Task prompt
Starting at the first line of the records and stopping at the line that contains "ICON Shield 20x9", transcribe every line exactly and leave out the pictures.

Supplied material

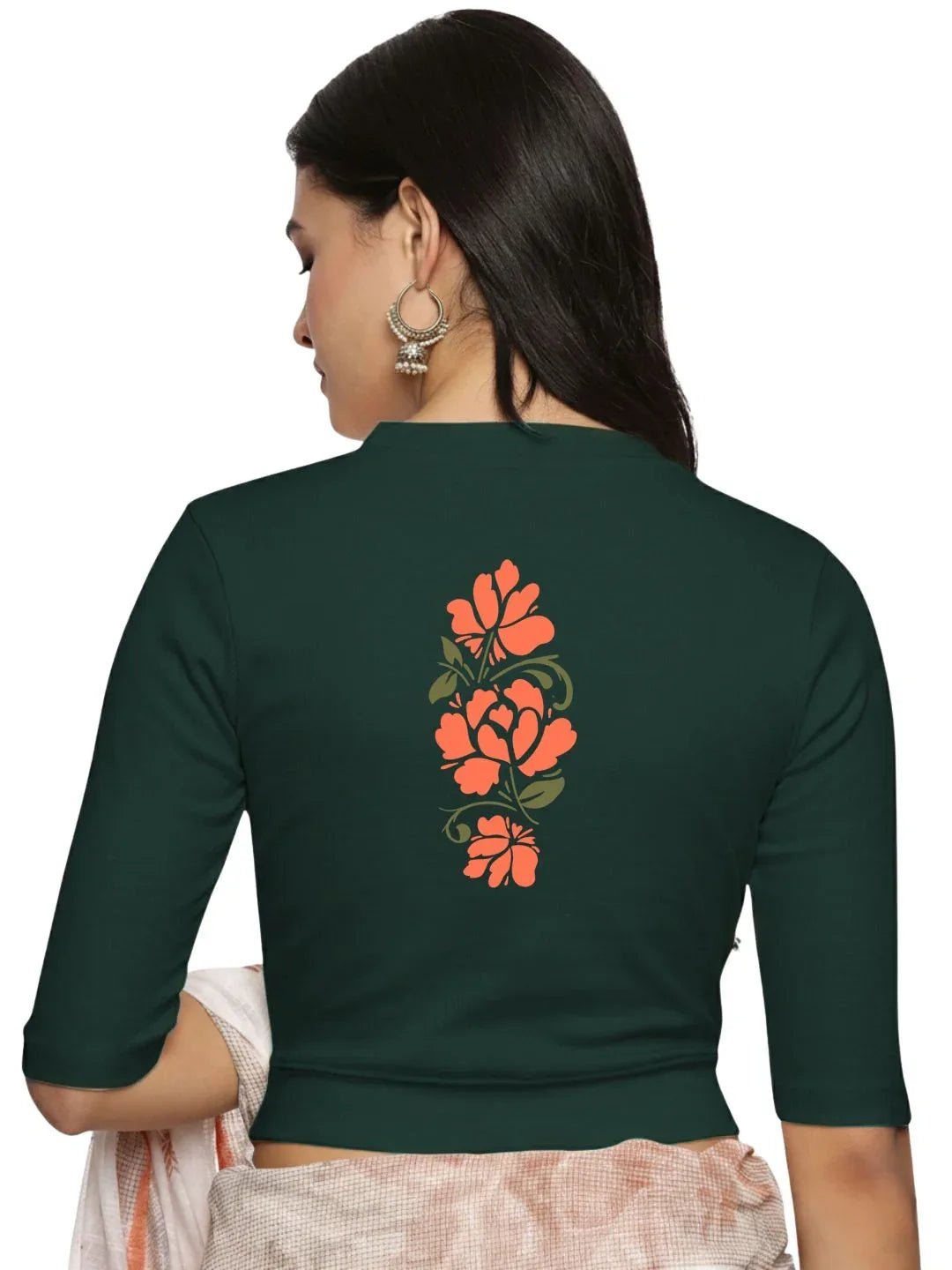 Women Back Printed Stretchable Elbow Sleeve RIB Blouse U0118 - notyetbyus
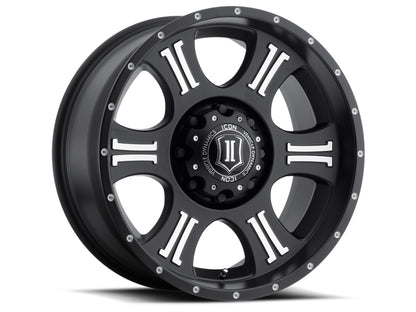 ICON Shield 20x9 5x150 16mm Offset 5.625in BS 110.1mm Bore Satin Black/Machined Wheel 1020905556MB 1020905556MB Photo - Primary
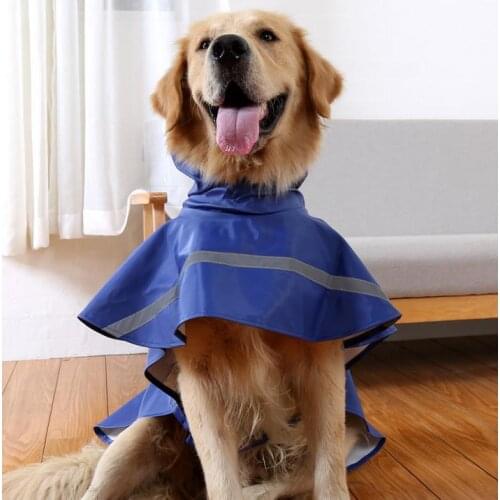 Dog Raincoat Lightweight Rain Jacket With Reflective Strip 5 Colors Waterproof Hooded Windbreaker Jackets Special For Protect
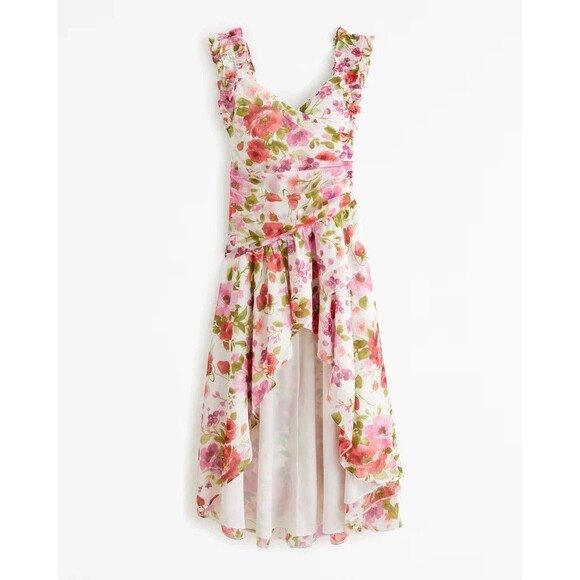 Abercrombie &Fitch Strawberry Floral Ruffle Hi-Low Dress XL Tall Romantic Formal - Picture 2 of 15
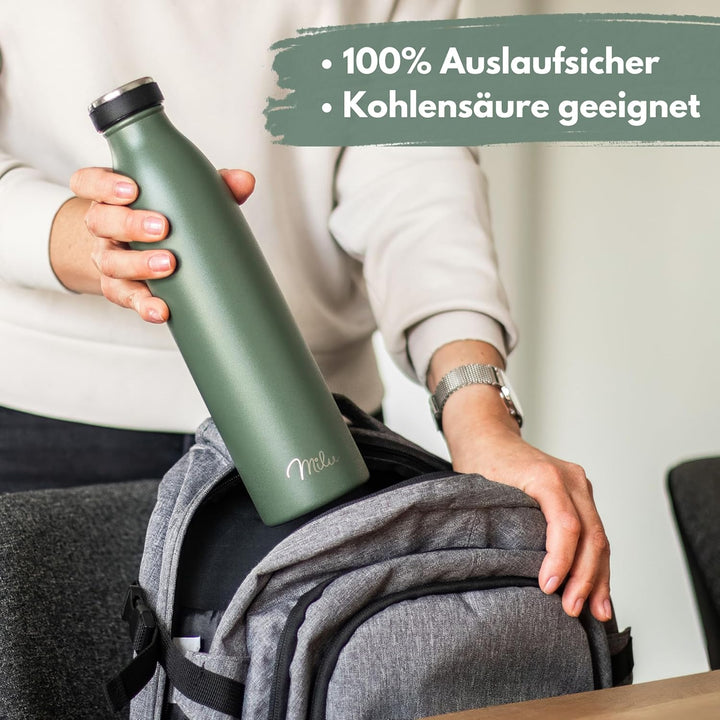 Milu Edelstahl Trinkflasche 350ml, 500ml, 750ml, 1L, 1,5L – Thermosflasche für Kinder Erwachsene aus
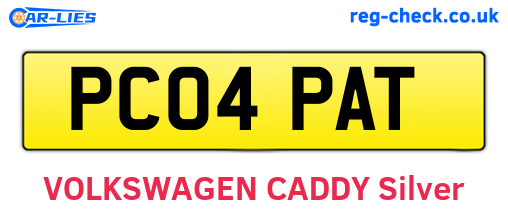 PC04PAT are the vehicle registration plates.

Task solution
 Women Back Printed Stretchable Elbow Sleeve RIB Blouse U0118 - notyetbyus
 ICON Shield 20x9 5x150 16mm Offset 5.625in BS 110.1mm Bore Satin Black/Machined Wheel 1020905556MB 1020905556MB Photo - Primary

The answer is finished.